Originally Posted by paulunderwood

Summarizing the two cases:

n%8=3 :: 2^((n-1)/2) == -1 mod n :: z/2 is odd :: two solutions exist: z and z/2
n%8=7 :: 2^((n-1)/2 == 1 mod n :: z is odd :: one solution exists.

I forgot to add in an counting increment in my testing code. There are other cases.

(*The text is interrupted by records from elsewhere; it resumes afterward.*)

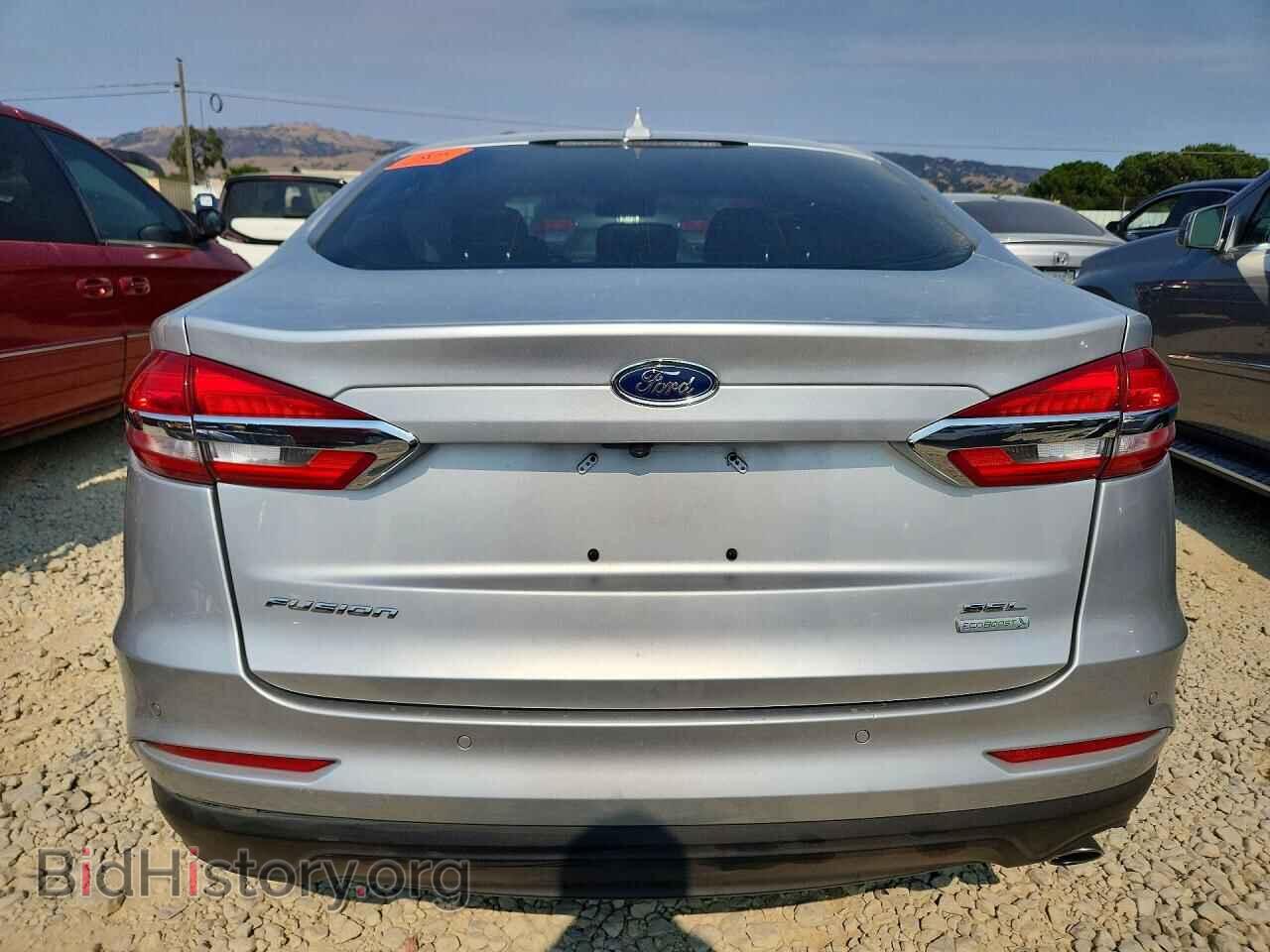 2019 FORD FUSION - VIN: 3FA6P0CD2KR254208 - Фото 6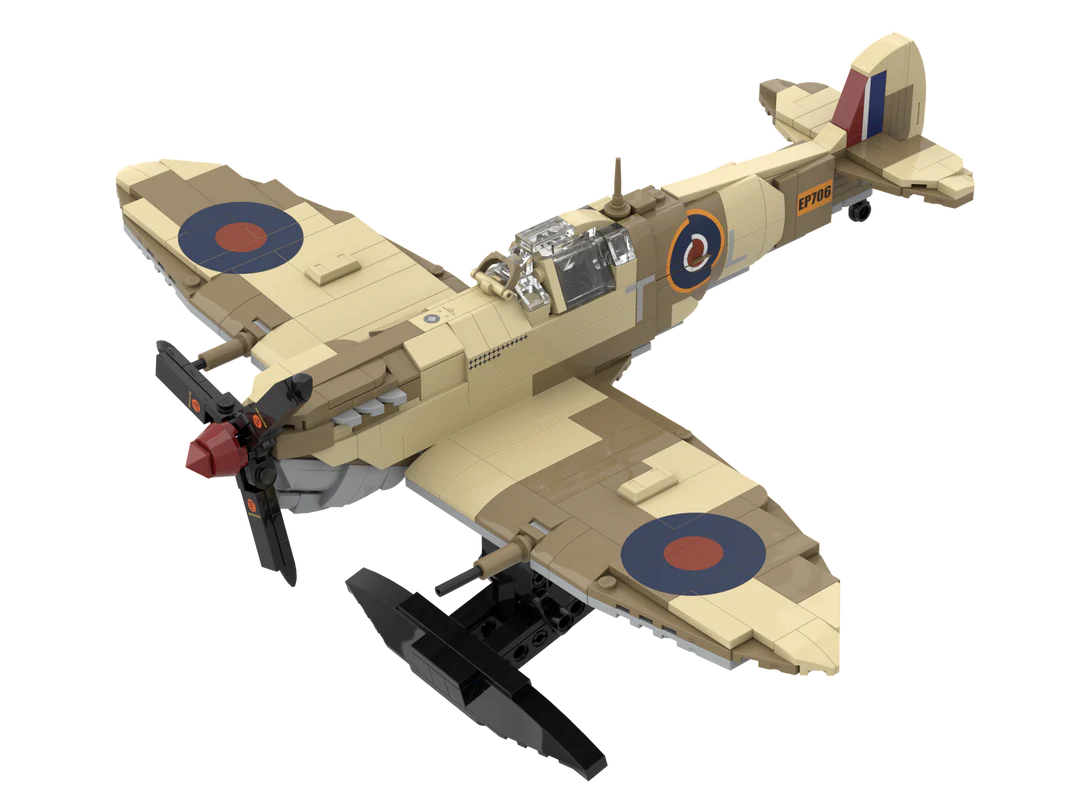 Brick Veteran| SPITFIRE MK.VB TROP TL *PRE-ORDER*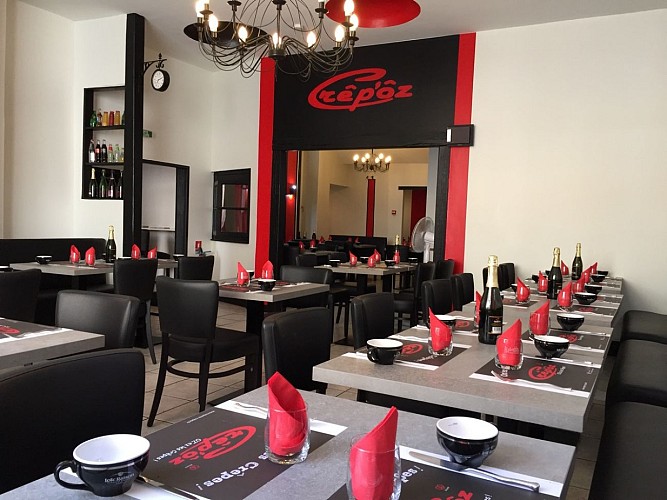 Crêperie Crêp' Ôz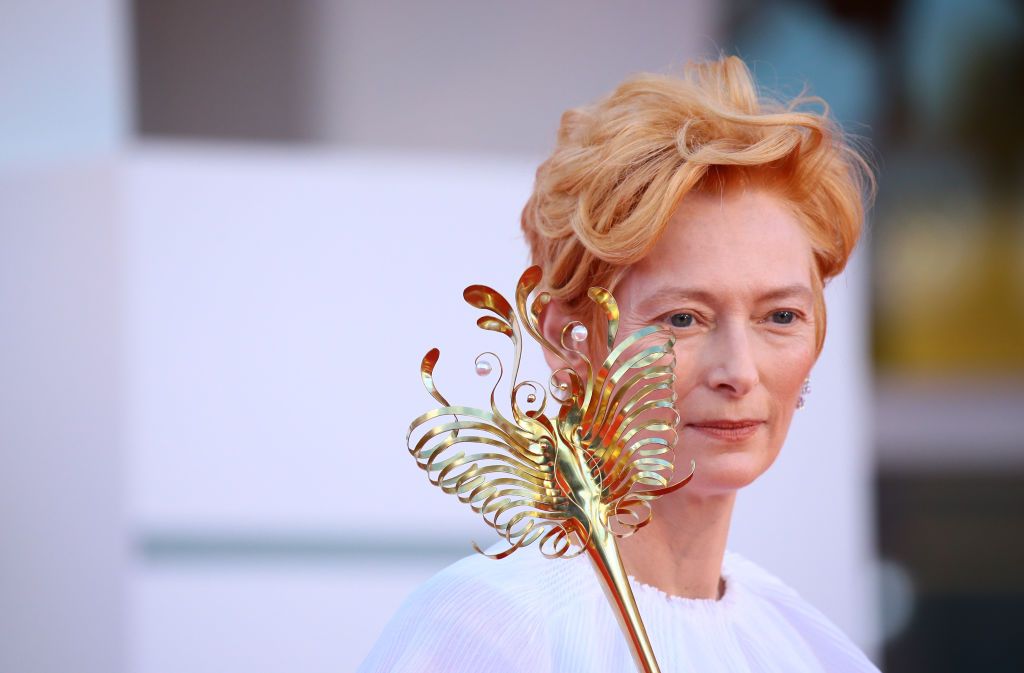 Tilda Swinton Hairstyles Hair Cuts and Colors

I'll call it day after verification to 10^15 of the test:

n==3 mod 4
2^n==2 mod n
(I+2^r)^n==-I+2^r mod n where I is the sqrt(-1)
gcd(r,n-1)==1

[paulunderwood]

Quote:

Originally Posted by paulunderwood

Recap: I am testing: Fermat 2-prp and (x+2^r)^(n+1)==4^r+1 where gcd(r,n-1)==1, and have reached n<4*10^14 without counterexample.

Now, writing a=lift(Mod(2,n)^r) the Lucas part can be written as a Lucas test for y over y^2-2*a*y+a^2+1 which can be transformed into Euler-PRP for a^2+1 and z^((n+1)/2)==kronecker(a^2+1,n) (mod n, z^2-2*(a^2-1)/(a^2+1)*z+1).

In testing this I have found that a 2-PRP plus the Lucas test on z with gcd(a^2+1,n)==1 (and gcd(r,n-1)==1) is enough without the Euler test

Taking the obvious case of r=1, then a Lucas test over y^2-4*y+5 can be transformed into a 5-Euler PRP test and a Euler-Lucas test over f(z)=z^2-6/5*z+1 (for gcd(5,n)==1). This has solutions of f(z)=0 for z=(3+-4*i)/5. The corresponding companion matrix is Z=[3/5,-4/5;1,0], the determinant of which is 4/5. Thus if n is base 2-Fermat PRP there is no need to do the base 5-Euler PRP test -- it is implied since det(Z)^k == det(Z^k) for all k.